Interrupted

My Life Thus Far
2016-11-07 08:17:34 (UTC)

So I Had To Stop

For some reason I can't get my computer to blow up the screen like I normally do. The font is uncomfortably small, and I don't know how to get it bigger. I hope this is just my computer being dumb, and not the site not allowing me to make the writing field bigger. This isn't enjoyable... Snookums helped me. All better! And since that pretty much was the worst thing that's happened to me all day, I'd have to say today was a success.

For whatever reason, I woke up long before I needed to, but I felt really good and motivated to get up and dressed for work. I even had time to diffuse my hair... and it turned out great! So good, I feel more inclined to make the time to dry it every morning. I don't always get my hair soaking wet (only when I wash it), but I do refresh the curls with water in the morning to help reduce frizz and reshape the more scraggly curls. Usually I just let my hair air dry, but that kind of creates a triangle shape. Flat on top, and bigger at the bottom. I spend half the day trying to fluff it into a more voluminous shape. All I did was turn my head over and diffuse until about 90% dry. It was perfection, and maintained it's volume and shape all day. I NEED to take the extra 5 minutes to diffuse. It makes such a huge difference. Which in turn positively impacts my confidence. A trim/reshaping will help with my shape as well. I have an appointment scheduled for next week.

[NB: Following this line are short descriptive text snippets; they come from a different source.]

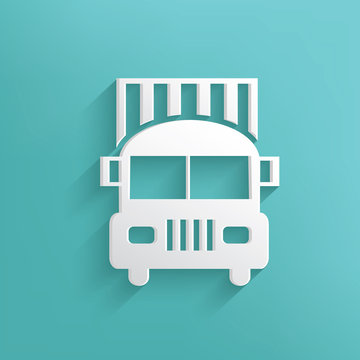 Truck symbol on blue background,clean vector
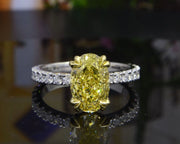 Lab Grown 4.70 Ctw Hidden Halo Yellow Oval Cut Diamond Ring VVS2 IGI Certified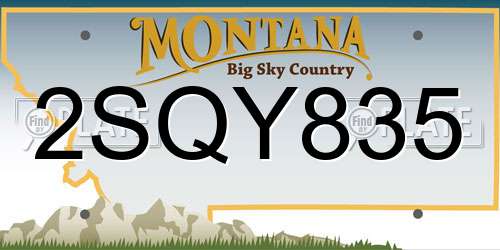 2SQY835 Montana License Plate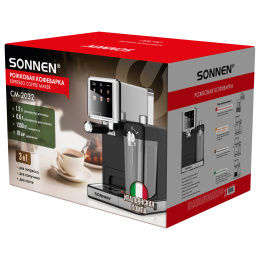 Кофеварка рожковая со встроенным капучинатором SONNEN CM-2032, сенсор, 1,2 л, 1350 Вт, 19 бар, 457881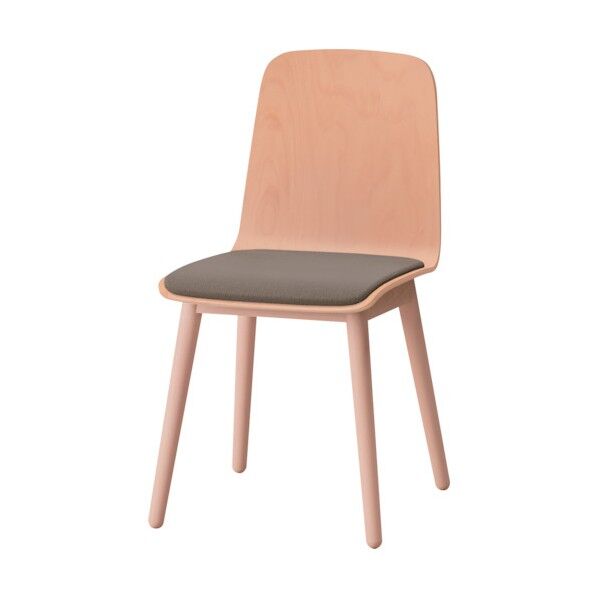 ノットワーク背座一体木脚チェア座パッド付 背座木脚ラスティックビーチL・布地アンバー KLL-124C-LK2 1点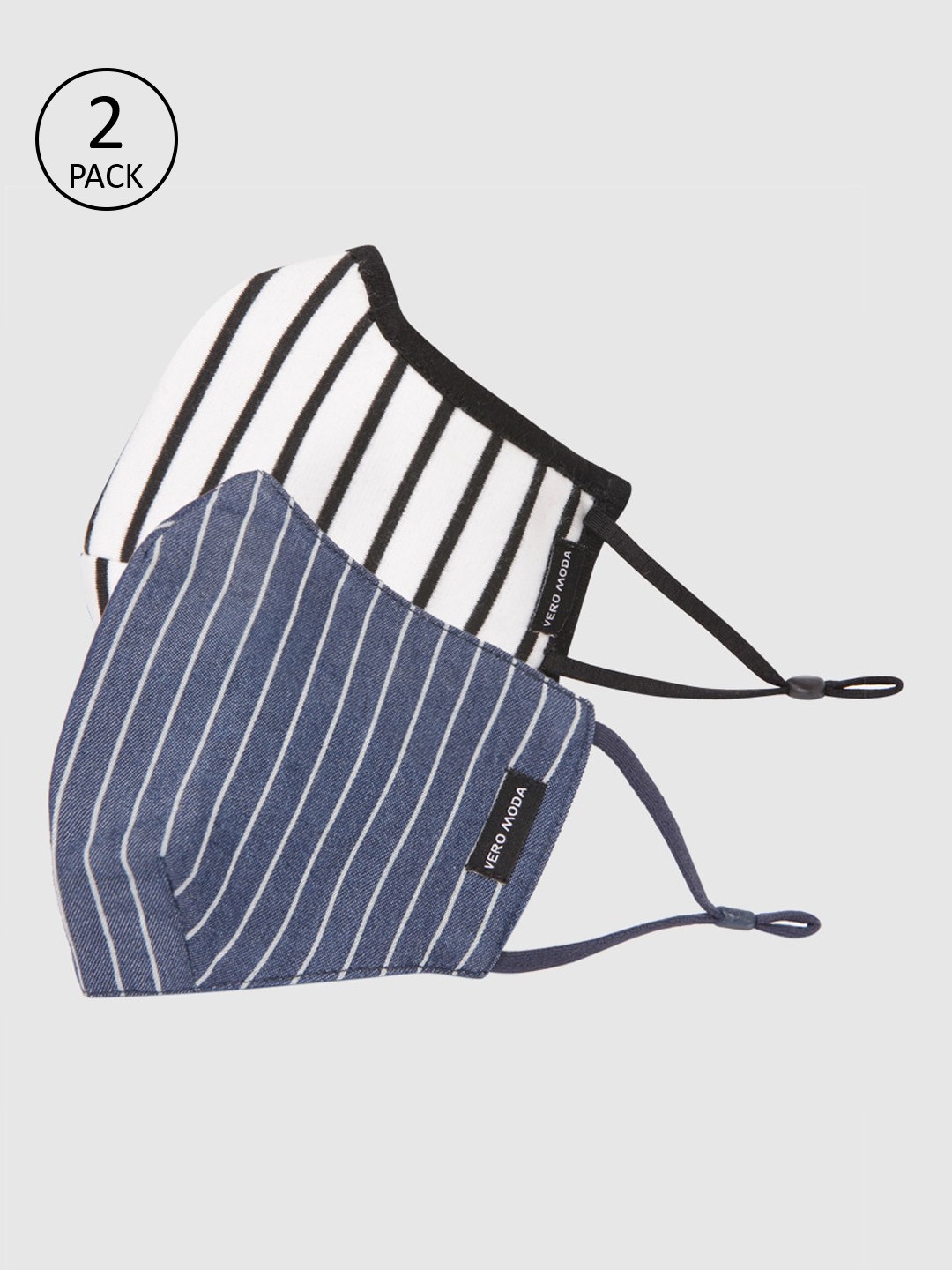 

Vero Moda Women Pack of 2 Striped Reusable 3-Ply Cloth Masks, Navy blue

Sunday mornings I weigh myself. This is a relatively new ritual. Since I started getting into S Health more comprehensively. I got an in-app message suggesting I track my weight along with my activity and food intake, and I figured since I was seeing so much positive progress, it couldn't hurt. I stopped weighting myself regularly years ago because it became a very toxic ritual for me. I'd starve myself to see that number drop. I'd feel like total shit if I stayed the same, or worse - gained. It became my morning obsession, and would set the tone for the entire day. It would dictate if I'd allow myself to eat solid food or if I'd only have coffee and water. It would control all my feelings of self-worth and my happiness was tangled up in the significance of this arbitrary number. It consumed me. So I had to stop. I worried about it becoming a problem again, so instead of daily weigh-ins, I opted for a weekly weigh-in. It just happened to be Sunday, so Sunday became weigh day.

This past week I haven't done my best in the self control department. I've eaten everything I've wanted with close to total reckless abandon. Evening snacks being the worst. In my weekly (S Health) summary it said that I only had a deficit of 9 calories. My consumption was up an average of 519 calories/day and my physical activity was just about the same (up 11 minutes, but that's nothing compared to consuming an extra 500 calories/day)... so explain to me how I lost half a pound. I know it isn't much, but I fully expected to stay right where I was last week. I was even prepared to be a little heavier, since my breasts are getting sore and I know menstruation is imminent. Good hair and a little weight loss? It was definitely a good start to the day.

Work was good, but very average. Nothing much to say about that. What surprised me was what I found when I got home. My dad, all the kids, and our neighbor's daughter (Scotlyn, Annie's friend) hanging out in the kitchen, eating ice cream. So, I finished off the day with great conversation and some meaningful socialization. It really was a great day.